Although an association between sickle cell disease (SCD) and some autoimmune diseases (AIDs) has been reported, the diagnosis of AIDs in this context is often described as challenging due to the similarity of the clinical manifestations. Moreover, the pathophysiology of this association may be based on cross-reactivity with triggers and/or activation of particular components and inflammatory markers. However, as the data show, the impact of SCD on joints and muscles may coincide with the clinical manifestations of AID. Accordingly, early detection of AID in SCD and targeted therapy may improve the condition and prevent the severe phenotype of AID and the deterioration of SCD. In essence, there are approximately 80 different associations of AID with SCD that have been well documented.
Previous studies have examined a range of AIDs in the Saudi population. However, to the best of my colleagues' and my knowledge, this is the first retrospective, analytical study designed to examine the frequency of coexistence of AIDS with SCD and factors associated with disease progression.
We have considered the data of 168 patients with SCD who were seen in the outpatient clinic or required hospitalization due to a sickle cell crisis between January 2016 and March 2023. The mean age was 30.66 years (SD ± 11.27), and 54.2% of patients were female. Regarding the frequency of hospitalizations, 61.90% had a history of two or fewer hospitalizations per year, and 38.09% had more than two hospitalizations per year. Diabetes mellitus (DM) and heart disease were equally prevalent (29.7%) and were the most frequently recorded comorbidities.

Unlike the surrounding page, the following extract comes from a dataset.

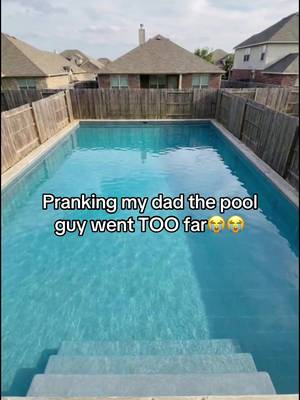 This is the best thing in the world lol #poolparty #textprank #funnyvideo #viral #dad @Cantina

A proportional analysis (Z-test) was performed to identify positive and negative results between SCD and AIDs: autoimmune hepatitis, inflammatory bowel disease (IBD), multiple sclerosis (MS), mixed connective tissue disease (MCTD), anti-phospholipid syndrome (APS), sarcoidosis, hyperthyroidism, hypothyroidism, and myasthenia gravis (MG). In 84.52% of patients, the association of SCD with AID was negative, and in 15.47% it was positive (p = 0.00001). Of this, systemic lupus erythematosus was present in 4.2%, hypothyroidism in 3.6%, and APS in 3.6%.

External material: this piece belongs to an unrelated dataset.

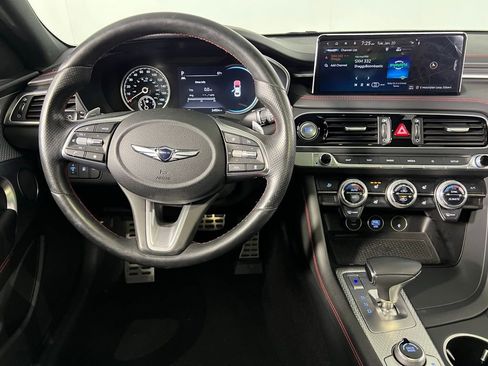 Used 2023 Genesis G70 2.0T w/ Sport Prestige Package image 13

In our study, we further found that patients with SCD and a positive diagnosis of AID were more likely to have pulmonary hypertension (100%) and avascular necrosis (AVN) (65%) than patients with a negative diagnosis of AID. We also found a significant correlation between the hospitalization rate of patients with SCD and a positive diagnosis of AIDs and whether they were hospitalized less than twice a year (10.6%) or more than three times a year (23.4%) (p = 0.03).
As research continues into why females are three to four times more likely than males to develop AIDs, we also looked into this. We found that 54.2% of cases occurred in females, which is supported by the high prevalence of most SCD in females compared to males. Some studies suggest hormonal changes as a causal relationship. Therefore, it is suggested that females with SCD in their reproductive years may benefit from additional testing.
One of the proposed explanations for the high frequency of coexistence of ASD and SCD is that SCD may manifest itself as recurrent infections and inflammations caused by the pathology of the body. It is also important to emphasize that the mechanism of development of complications may change over time, increasing the likelihood of recurrence of infection, especially caused by encapsulated pathogens. These factors activate the immune system, which ultimately turns SCD into an autoimmune disease with specific manifestations.
This study was of particular importance for the Saudi and Gulf populations as it was the first of its kind to reveal a high incidence of AIDs in patients with SCD. The results of this study warrant further investigation and highlight the possible need for international guidelines on screening and early detection of the co-occurrence of AIDs and SCD.